Paradise Now
Don’t let the title mislead you. This is a film about a disconcerting, sickening act – a suicide bombing of a bus – but these bombers aren’t religious fanatics, their motivations aren’t alien or easily dismissed. Far from it. The great power of this film, from Dutch-Palestinian director Abu-Assad, is to show how complex, shifting and uncertain the bombers’ motivations are. They are, at one and the same time, down to earth and pressing; personal, even banal, and altruistic.
The film, the first feature shot on the West Bank, conveys a sense of hopelessness and fatigue, of the dominating presence of occupation, and the overriding question – how to end it.
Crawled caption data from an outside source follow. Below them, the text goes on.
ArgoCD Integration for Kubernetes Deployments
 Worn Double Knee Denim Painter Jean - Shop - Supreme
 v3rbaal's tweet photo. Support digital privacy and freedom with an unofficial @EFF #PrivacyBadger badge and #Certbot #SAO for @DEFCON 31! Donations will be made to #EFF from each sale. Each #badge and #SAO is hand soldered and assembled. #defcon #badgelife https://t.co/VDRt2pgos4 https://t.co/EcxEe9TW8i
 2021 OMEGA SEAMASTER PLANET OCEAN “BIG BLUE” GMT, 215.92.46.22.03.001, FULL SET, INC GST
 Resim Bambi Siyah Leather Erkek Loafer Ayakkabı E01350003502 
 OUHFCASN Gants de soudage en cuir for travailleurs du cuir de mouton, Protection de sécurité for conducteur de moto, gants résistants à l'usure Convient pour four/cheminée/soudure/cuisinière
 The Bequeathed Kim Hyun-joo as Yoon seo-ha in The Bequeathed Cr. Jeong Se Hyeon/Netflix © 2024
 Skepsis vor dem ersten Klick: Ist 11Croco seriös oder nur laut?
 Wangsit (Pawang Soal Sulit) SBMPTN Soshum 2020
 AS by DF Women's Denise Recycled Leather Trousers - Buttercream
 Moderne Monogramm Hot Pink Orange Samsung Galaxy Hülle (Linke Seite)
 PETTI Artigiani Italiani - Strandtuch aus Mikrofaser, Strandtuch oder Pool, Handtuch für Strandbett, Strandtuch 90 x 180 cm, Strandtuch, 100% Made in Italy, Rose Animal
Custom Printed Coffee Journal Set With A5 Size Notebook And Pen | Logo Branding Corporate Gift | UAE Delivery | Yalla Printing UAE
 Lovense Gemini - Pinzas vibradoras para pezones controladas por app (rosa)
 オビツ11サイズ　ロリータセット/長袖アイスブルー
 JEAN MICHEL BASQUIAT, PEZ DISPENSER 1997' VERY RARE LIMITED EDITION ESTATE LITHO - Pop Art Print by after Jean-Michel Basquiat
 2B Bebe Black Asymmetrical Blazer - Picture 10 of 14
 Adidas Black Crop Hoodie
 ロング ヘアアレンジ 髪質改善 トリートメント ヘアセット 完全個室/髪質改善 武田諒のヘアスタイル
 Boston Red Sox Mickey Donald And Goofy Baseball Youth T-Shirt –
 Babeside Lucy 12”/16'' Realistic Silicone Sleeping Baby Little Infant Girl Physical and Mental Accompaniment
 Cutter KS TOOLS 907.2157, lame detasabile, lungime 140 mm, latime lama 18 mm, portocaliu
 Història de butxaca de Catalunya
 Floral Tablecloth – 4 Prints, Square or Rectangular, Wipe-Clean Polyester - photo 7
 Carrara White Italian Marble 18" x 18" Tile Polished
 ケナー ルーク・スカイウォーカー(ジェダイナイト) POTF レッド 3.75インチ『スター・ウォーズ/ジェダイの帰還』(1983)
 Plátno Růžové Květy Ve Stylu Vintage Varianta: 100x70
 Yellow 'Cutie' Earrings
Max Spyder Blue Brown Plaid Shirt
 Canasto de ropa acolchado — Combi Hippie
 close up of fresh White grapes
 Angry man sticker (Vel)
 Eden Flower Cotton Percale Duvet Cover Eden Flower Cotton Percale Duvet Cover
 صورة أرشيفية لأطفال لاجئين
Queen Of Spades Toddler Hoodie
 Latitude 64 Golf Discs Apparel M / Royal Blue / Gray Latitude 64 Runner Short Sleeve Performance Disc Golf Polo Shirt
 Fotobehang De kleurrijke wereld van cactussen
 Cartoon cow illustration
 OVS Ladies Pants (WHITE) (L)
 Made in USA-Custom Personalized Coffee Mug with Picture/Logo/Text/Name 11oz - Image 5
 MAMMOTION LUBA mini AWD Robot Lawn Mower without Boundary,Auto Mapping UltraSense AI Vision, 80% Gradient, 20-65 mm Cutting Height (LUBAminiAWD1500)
Said and Khaled, lifelong friends living in a refugee camp, want to fight back, and given Israel’s massive superiority in weapons and technology, see no strategic military alternative to suicide bombing. They believe their sacrifice will help to end the occupation.
Khaled is naïve. He’s attracted by the glamour of the martyr – the tapes on sale, the posters in the town centre, his meeting with the factional leaders. Said is steadier, more rounded, and drawn to Suha, daughter of a resistance fighter and a human rights activist who argues for peaceful resistance. Suicide bombing, she argues, only strengthens the Israeli Government. But Said is deeply traumatized by occupation, and his father’s death. As for many Palestinians, the political has become profoundly personal, and he’s implacable.
Paradise Now is well crafted, gripping and surprising, but it’s trivializing to call it a political thriller – such is its authenticity and gravity.